Return the run of lines below that opens with the line containing "Passive devices split" and closes with the line containing "Now why do we", keeping each one exact.

MATERIAL SHOWN:
==*==

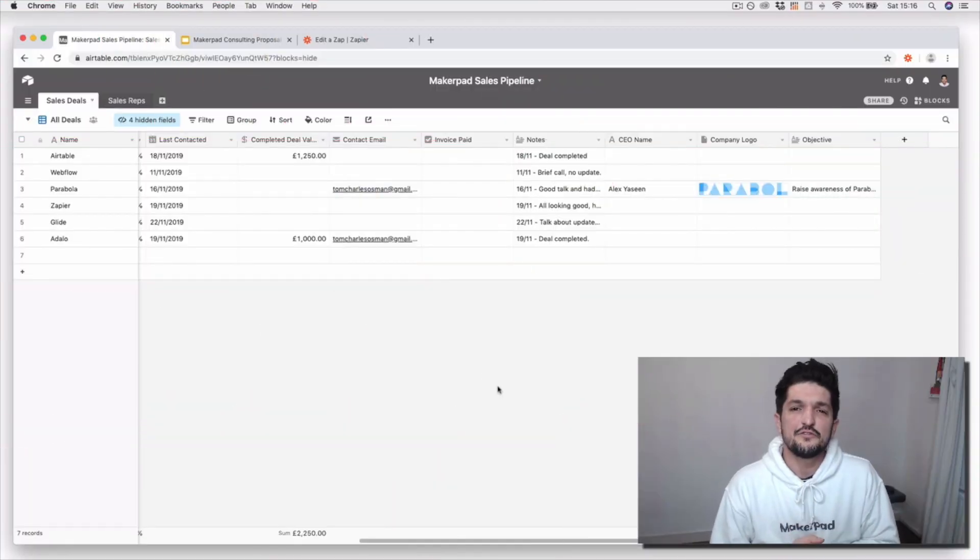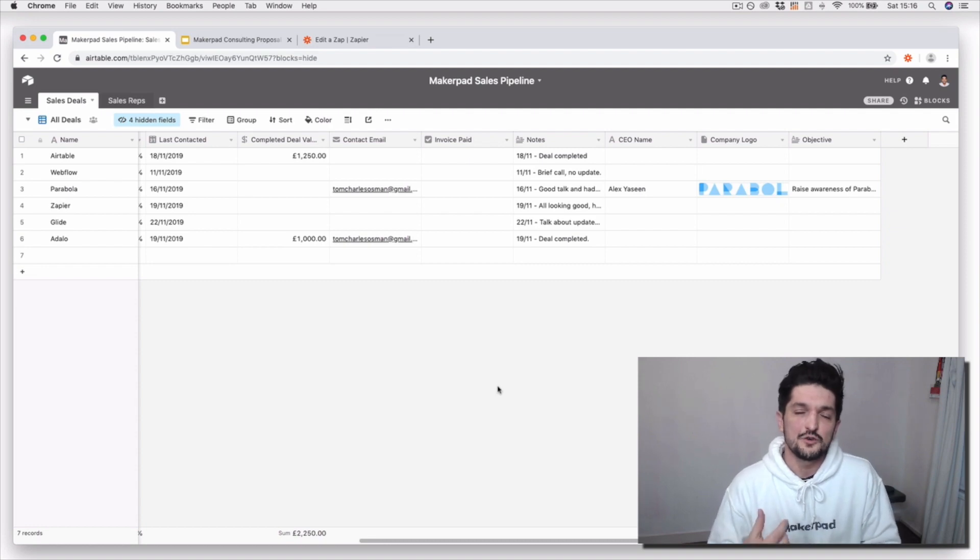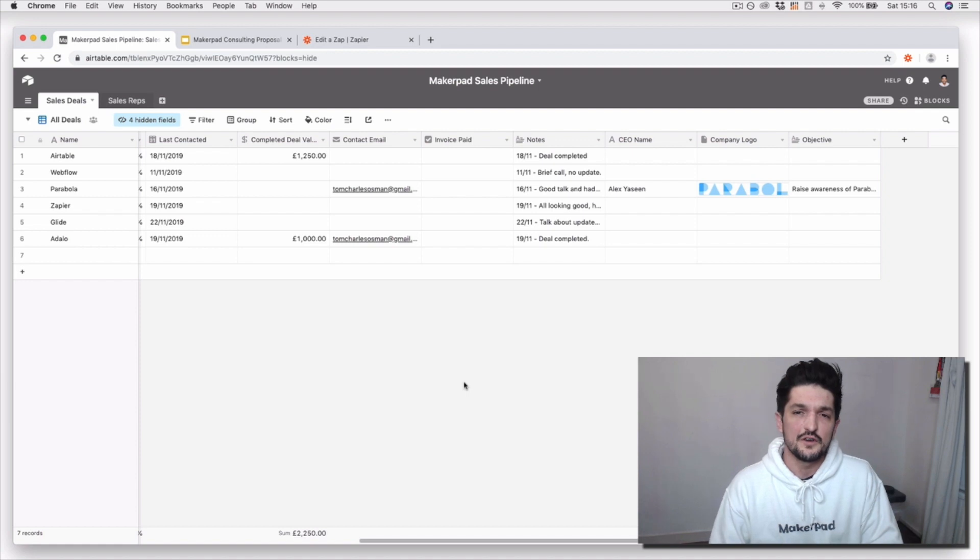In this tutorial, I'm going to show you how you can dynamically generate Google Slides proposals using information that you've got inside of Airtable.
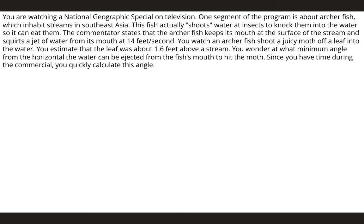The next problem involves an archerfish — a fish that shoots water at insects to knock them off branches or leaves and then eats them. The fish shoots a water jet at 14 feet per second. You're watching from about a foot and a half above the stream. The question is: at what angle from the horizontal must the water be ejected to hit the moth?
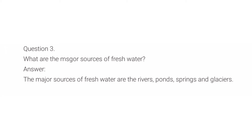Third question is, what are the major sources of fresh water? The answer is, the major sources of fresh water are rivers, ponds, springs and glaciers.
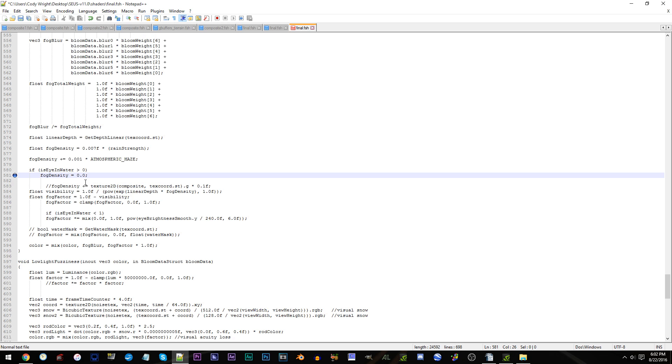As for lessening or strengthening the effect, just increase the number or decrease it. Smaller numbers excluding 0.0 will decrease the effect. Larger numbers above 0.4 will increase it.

==*==

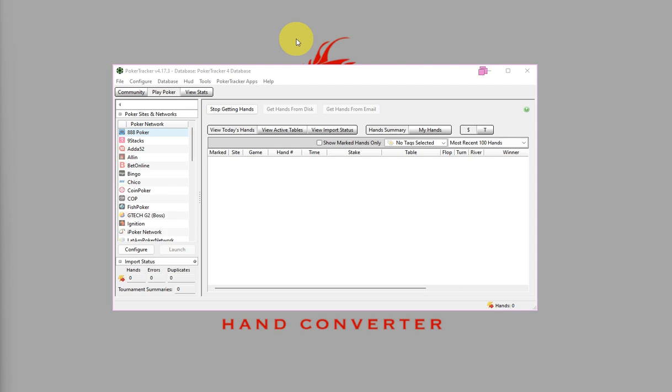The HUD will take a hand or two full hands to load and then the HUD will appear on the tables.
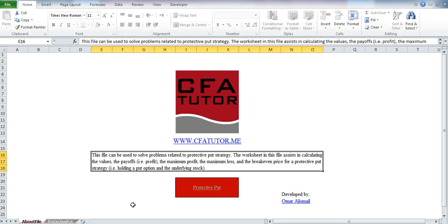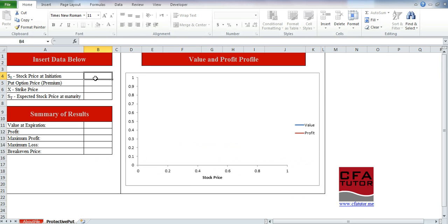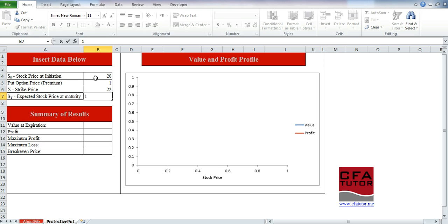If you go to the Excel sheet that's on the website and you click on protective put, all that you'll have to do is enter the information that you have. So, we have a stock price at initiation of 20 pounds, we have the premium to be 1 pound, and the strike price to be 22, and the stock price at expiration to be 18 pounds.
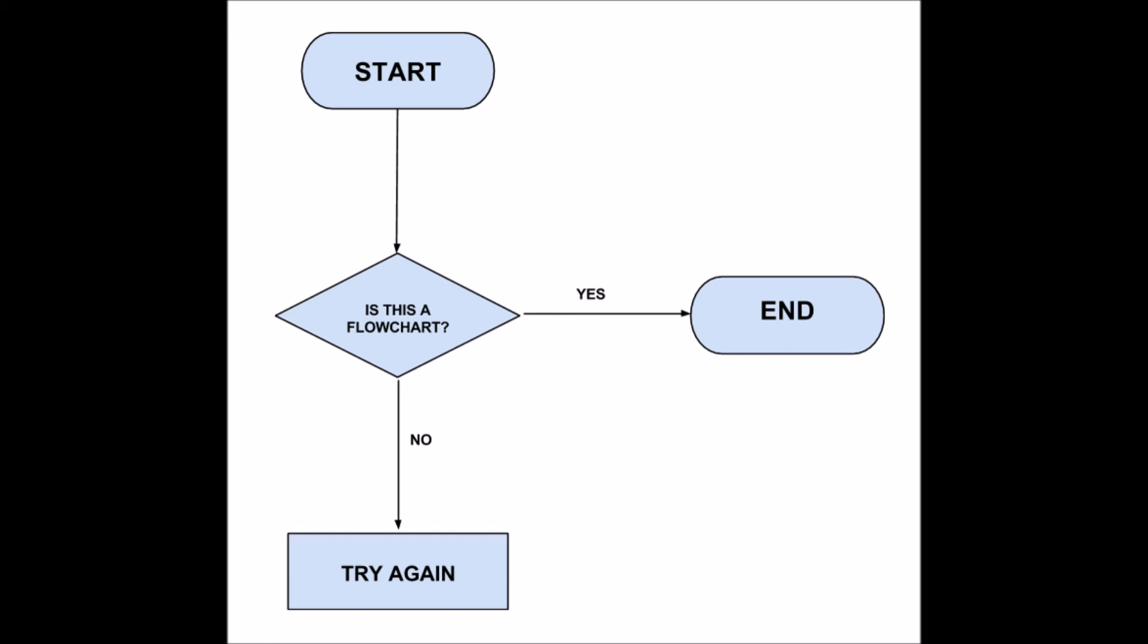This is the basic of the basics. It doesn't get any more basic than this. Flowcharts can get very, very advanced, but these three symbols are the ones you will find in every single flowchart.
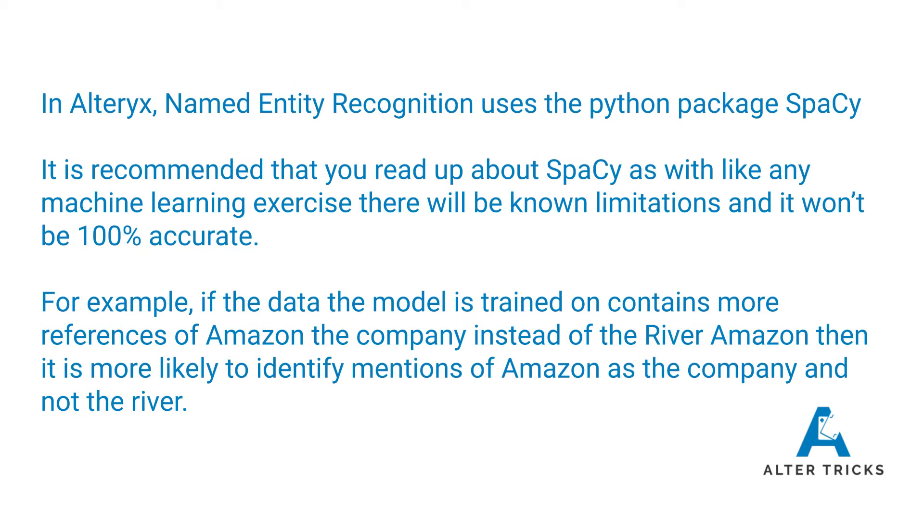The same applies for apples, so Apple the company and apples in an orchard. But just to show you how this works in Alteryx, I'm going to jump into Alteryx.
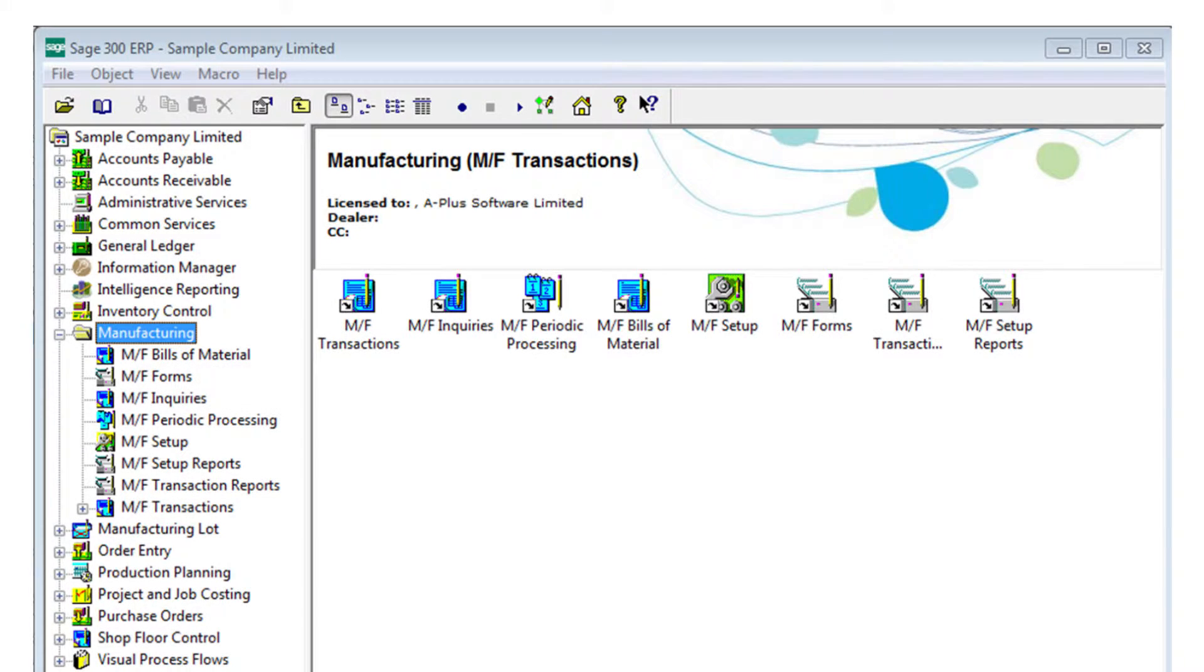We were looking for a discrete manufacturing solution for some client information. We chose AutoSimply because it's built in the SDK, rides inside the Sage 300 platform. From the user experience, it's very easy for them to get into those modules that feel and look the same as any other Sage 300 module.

==*==

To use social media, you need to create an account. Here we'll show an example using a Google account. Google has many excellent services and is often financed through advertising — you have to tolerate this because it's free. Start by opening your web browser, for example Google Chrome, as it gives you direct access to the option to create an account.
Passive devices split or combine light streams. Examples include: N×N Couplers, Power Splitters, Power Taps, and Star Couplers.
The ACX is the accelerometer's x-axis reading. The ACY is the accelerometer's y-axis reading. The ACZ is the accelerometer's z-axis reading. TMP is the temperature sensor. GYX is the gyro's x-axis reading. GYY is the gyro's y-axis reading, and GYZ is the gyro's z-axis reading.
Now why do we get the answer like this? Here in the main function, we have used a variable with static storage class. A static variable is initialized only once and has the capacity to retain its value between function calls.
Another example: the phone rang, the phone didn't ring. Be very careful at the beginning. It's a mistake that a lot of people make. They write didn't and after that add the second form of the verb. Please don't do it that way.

==*==

OUTPUT BELOW:
Passive devices split or combine light streams. Examples include: N×N Couplers, Power Splitters, Power Taps, and Star Couplers.
The ACX is the accelerometer's x-axis reading. The ACY is the accelerometer's y-axis reading. The ACZ is the accelerometer's z-axis reading. TMP is the temperature sensor. GYX is the gyro's x-axis reading. GYY is the gyro's y-axis reading, and GYZ is the gyro's z-axis reading.
Now why do we get the answer like this? Here in the main function, we have used a variable with static storage class. A static variable is initialized only once and has the capacity to retain its value between function calls.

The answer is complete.